◆ Activity:
Please retype, word for word, the line containing "Stuart Ayres, NSW" and every line after it through the end of the records, leaving out all pictures.

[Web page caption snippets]
[Start of Attachment]

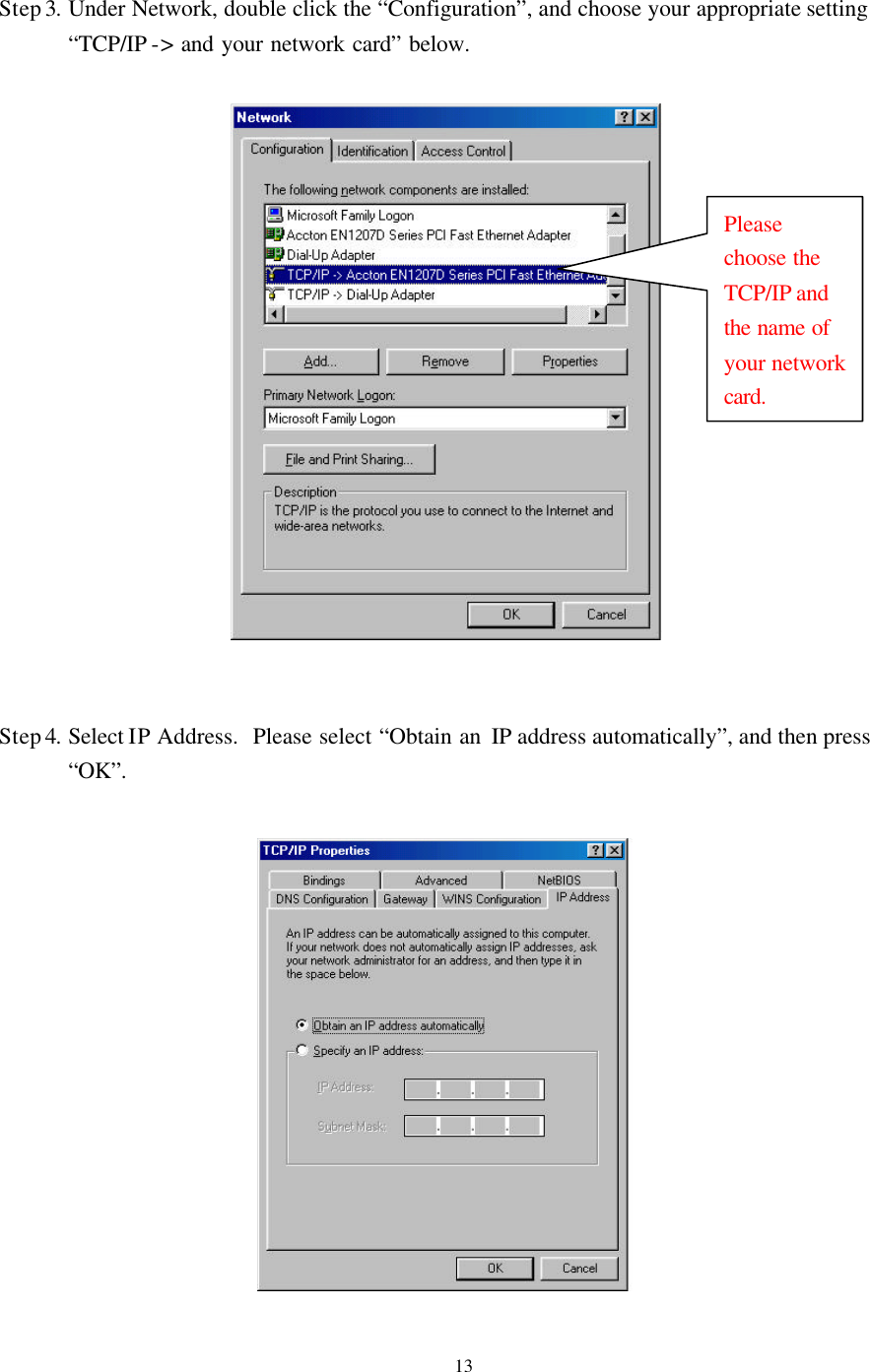   13 Step 3. Under Network, double click the “Configuration”, and choose your appropriate setting “TCP/IP -&gt; and your network card” below.       Step 4. Select IP Address.  Please select “Obtain an IP address automatically”, and then press “OK”.      Please choose the TCP/IP and the name of your network card. 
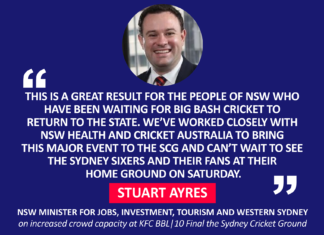 Stuart Ayres, NSW Minister for Jobs, Investment, Tourism and Western Sydney on increased crowd capacity at KFC BBL|10 Final the Sydney Cricket Ground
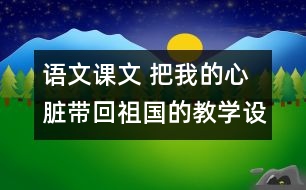 語文課文 把我的心臟帶回祖國的教學(xué)設(shè)計與反思 課后習(xí)題答案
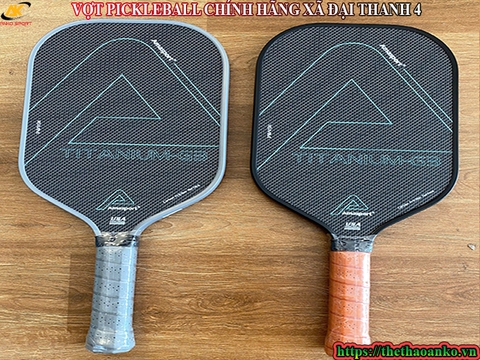 VỢT PICKLEBALL CHÍNH HÃNG XÃ ĐẠI THANH 4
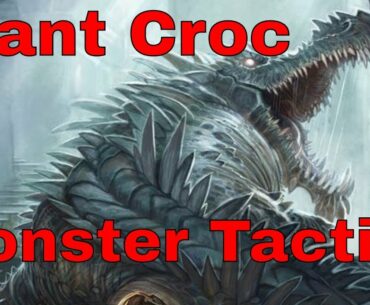 D&D (5e): Monster Tactics, Giant Crocodile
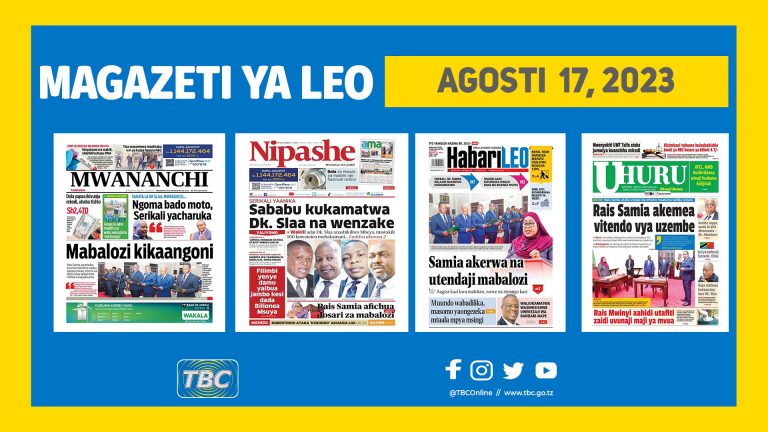 Yaliyomo katika kurasa za mbele za magazeti leo Agosti 17, 2023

[End of Attachment]

◆ Response area:
 Stuart Ayres, NSW Minister for Jobs, Investment, Tourism and Western Sydney on increased crowd capacity at KFC BBL|10 Final the Sydney Cricket Ground
 語文課文 把我的心臟帶回祖國的教學(xué)設(shè)計與反思 課后習(xí)題答案
 VỢT PICKLEBALL CHÍNH HÃNG XÃ ĐẠI THANH 4
 D&D (5e): Monster Tactics, Giant Crocodile
 Yaliyomo katika kurasa za mbele za magazeti leo Agosti 17, 2023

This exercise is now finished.